Poetry Day 2026 : trois jours avec Mahmoud Darwich du 25 au 27 septembre

© : DR - Pignon Ernest - reproduction de l’affiche

Informations pratiques

27 au 27 septembre

Institut du monde arabe
1 rue des Fossés-Saint-Bernard
Place Mohammed V
75005 Paris

Trois jours, une trentaine de lieux et un poète mort en 2008 dont les textes restent furieusement contemporains. Du 25 au 27 septembre, le Poetry Day 2026 met Mahmoud Darwich à l’affiche, de Paris à Beyrouth, Marrakech, Bruxelles ou Montréal. Pas question de déposer une gerbe au pied du grand homme : ses poèmes seront lus, joués, discutés, déplacés. Bref, remis en circulation.

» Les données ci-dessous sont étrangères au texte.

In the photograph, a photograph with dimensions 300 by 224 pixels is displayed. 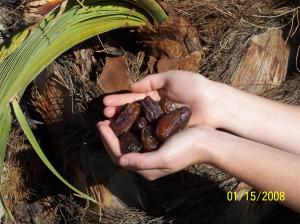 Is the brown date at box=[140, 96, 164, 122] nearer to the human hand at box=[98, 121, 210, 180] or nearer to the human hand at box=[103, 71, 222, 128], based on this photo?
the human hand at box=[103, 71, 222, 128]

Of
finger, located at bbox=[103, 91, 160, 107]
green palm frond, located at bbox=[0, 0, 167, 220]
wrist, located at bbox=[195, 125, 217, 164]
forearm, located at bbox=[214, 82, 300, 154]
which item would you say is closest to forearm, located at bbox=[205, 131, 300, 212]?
wrist, located at bbox=[195, 125, 217, 164]

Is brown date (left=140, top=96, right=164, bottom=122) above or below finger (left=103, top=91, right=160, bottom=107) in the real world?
below

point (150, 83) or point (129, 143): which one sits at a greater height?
point (150, 83)

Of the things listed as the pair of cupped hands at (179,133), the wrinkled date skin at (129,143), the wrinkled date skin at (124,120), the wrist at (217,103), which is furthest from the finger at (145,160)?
the wrist at (217,103)

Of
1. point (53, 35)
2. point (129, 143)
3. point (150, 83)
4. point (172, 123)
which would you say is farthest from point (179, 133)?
point (53, 35)

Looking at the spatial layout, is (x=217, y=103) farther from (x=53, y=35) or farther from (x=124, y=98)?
(x=53, y=35)

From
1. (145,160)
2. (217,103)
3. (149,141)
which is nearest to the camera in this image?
(145,160)

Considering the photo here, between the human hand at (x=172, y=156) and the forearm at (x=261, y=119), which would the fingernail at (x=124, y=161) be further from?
the forearm at (x=261, y=119) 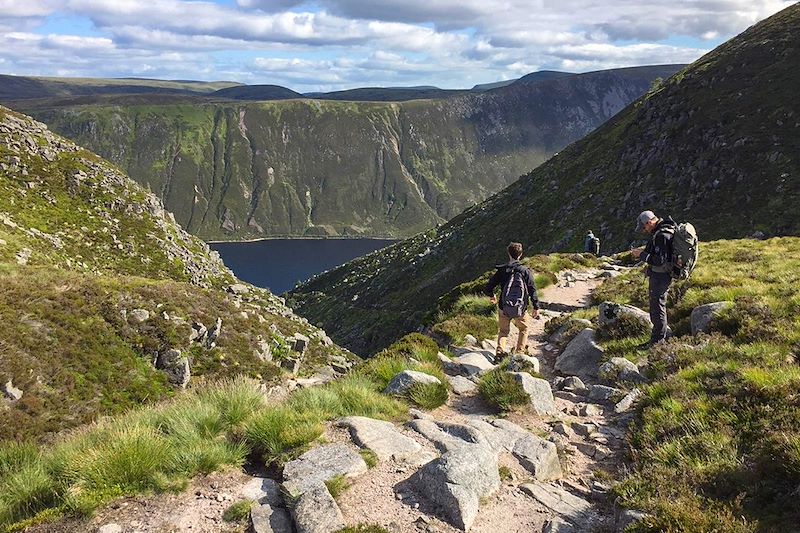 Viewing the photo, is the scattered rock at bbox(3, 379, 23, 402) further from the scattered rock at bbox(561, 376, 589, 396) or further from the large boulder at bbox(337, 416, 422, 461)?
the scattered rock at bbox(561, 376, 589, 396)

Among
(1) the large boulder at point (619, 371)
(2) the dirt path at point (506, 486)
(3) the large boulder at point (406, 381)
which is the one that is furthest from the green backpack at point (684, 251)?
(3) the large boulder at point (406, 381)

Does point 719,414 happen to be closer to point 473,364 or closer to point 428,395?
point 428,395

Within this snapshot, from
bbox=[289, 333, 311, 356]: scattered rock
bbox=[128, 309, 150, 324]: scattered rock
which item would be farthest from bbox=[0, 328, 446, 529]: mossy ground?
bbox=[289, 333, 311, 356]: scattered rock

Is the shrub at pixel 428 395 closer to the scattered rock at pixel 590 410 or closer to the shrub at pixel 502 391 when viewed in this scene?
the shrub at pixel 502 391

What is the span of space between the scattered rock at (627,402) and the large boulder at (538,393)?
55.1 inches

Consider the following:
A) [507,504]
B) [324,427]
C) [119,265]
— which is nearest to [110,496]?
[324,427]

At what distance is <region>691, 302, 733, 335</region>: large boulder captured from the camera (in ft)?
47.5

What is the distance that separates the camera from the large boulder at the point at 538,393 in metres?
11.2

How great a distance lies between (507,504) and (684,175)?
3447 inches

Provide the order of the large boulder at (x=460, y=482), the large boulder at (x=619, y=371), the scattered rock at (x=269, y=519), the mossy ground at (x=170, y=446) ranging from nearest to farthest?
the scattered rock at (x=269, y=519)
the mossy ground at (x=170, y=446)
the large boulder at (x=460, y=482)
the large boulder at (x=619, y=371)

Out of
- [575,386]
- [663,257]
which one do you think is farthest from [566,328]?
[575,386]

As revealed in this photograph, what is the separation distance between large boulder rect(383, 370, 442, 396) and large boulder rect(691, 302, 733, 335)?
27.8ft

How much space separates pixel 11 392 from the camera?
20.5m

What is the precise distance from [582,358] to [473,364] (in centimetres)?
363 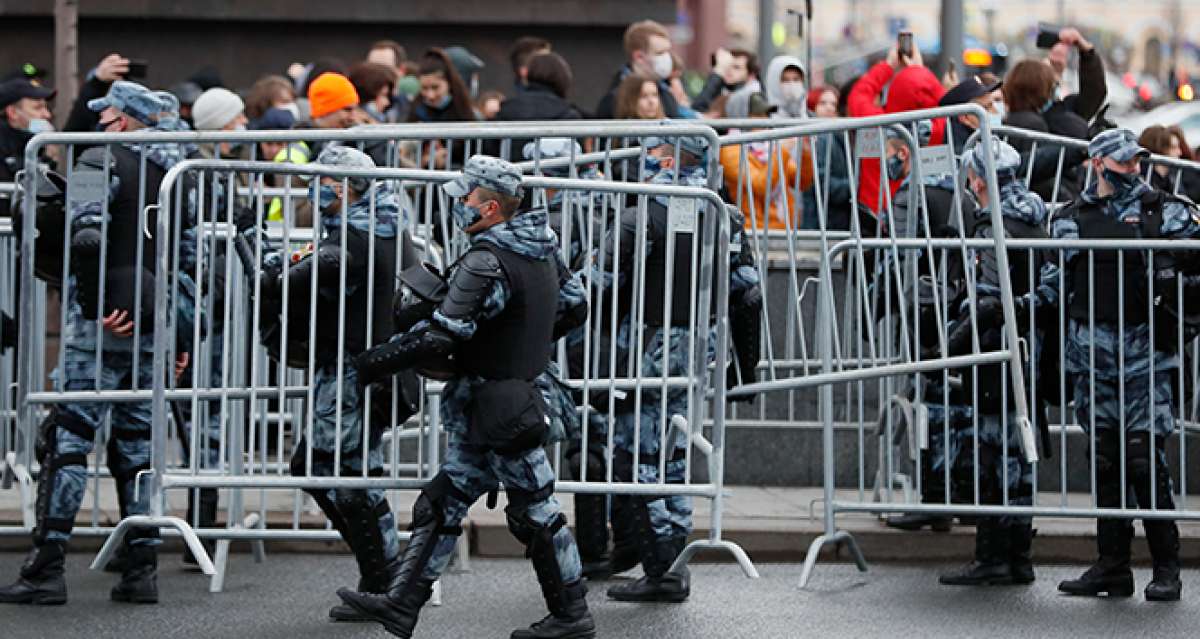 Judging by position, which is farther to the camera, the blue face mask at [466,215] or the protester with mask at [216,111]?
A: the protester with mask at [216,111]

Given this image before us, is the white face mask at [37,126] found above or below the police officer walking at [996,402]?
above

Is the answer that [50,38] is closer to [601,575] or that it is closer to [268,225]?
[268,225]

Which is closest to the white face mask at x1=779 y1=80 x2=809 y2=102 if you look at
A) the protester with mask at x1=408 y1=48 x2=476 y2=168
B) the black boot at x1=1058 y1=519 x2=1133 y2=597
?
the protester with mask at x1=408 y1=48 x2=476 y2=168

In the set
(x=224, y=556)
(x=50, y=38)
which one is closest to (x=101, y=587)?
(x=224, y=556)

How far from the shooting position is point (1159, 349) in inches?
386

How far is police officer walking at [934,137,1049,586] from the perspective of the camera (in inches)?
391

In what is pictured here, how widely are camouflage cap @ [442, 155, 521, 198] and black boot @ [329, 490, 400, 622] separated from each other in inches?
51.4

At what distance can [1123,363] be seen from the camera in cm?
978

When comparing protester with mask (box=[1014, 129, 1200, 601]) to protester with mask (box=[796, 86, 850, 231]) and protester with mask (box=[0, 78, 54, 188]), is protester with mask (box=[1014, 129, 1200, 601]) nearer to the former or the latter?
protester with mask (box=[796, 86, 850, 231])

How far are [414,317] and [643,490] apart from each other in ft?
4.28

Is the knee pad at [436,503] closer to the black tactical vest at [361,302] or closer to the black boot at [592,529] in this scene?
the black tactical vest at [361,302]

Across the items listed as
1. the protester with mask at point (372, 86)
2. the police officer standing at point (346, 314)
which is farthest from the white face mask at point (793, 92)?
the police officer standing at point (346, 314)

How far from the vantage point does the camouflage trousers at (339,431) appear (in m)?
8.68

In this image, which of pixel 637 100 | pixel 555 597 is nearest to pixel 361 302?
pixel 555 597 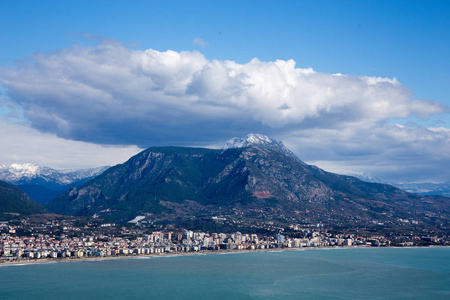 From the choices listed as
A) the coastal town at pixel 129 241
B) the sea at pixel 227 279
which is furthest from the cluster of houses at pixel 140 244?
the sea at pixel 227 279

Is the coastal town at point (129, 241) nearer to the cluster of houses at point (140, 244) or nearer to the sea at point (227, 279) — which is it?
the cluster of houses at point (140, 244)

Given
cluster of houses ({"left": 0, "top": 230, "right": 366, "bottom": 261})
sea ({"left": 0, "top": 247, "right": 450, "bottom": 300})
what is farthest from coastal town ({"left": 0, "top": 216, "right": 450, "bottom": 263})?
sea ({"left": 0, "top": 247, "right": 450, "bottom": 300})

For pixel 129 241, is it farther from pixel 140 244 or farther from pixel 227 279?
pixel 227 279

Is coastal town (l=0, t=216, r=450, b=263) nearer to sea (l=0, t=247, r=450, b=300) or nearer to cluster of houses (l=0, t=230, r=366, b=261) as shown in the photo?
→ cluster of houses (l=0, t=230, r=366, b=261)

Mahmoud Darwich aurait probablement détesté être réduit à une étiquette. Il en a pourtant collectionné quelques-unes : poète palestinien, poète de l’exil, poète de la résistance, voix d’un peuple. Tout cela est exact. Et tout cela devient vite encombrant dès qu’on ouvre ses livres.

Le Poetry Day 2026, organisé du 25 au 27 septembre par le Centre Pompidou et l’Institut du monde arabe dans le cadre de la Saison Méditerranée 2026, offre justement l’occasion de retourner aux textes.

Lectures, concerts, performances, rencontres, expositions : l’hommage déborde largement Paris. Une trentaine de lieux sont associés à cette édition, en France et à l’étranger. Bruxelles, Beyrouth, Marrakech, Rabat, Tanger, Genève, Turin, Lille ou Montréal participent notamment à cette cartographie Darwich.

Un poète qu’aucune étiquette ne suffit à contenir

Né en 1941 en Galilée, Darwich a sept ans lorsque sa famille prend le chemin de l’exil. Cette fracture ne quittera plus son œuvre. Mais elle ne l’enfermera pas non plus.

Car à relire Darwich, on trouve évidemment la Palestine, la dépossession, les frontières, l’exil. On trouve aussi du café, des chambres, des corps, des amours, des arbres, des morts qui reviennent et cette question obsédante : comment continuer à vivre lorsque l’Histoire s’installe jusque dans les gestes les plus ordinaires ?

C’est là que Darwich devient beaucoup plus intéressant que son portrait officiel.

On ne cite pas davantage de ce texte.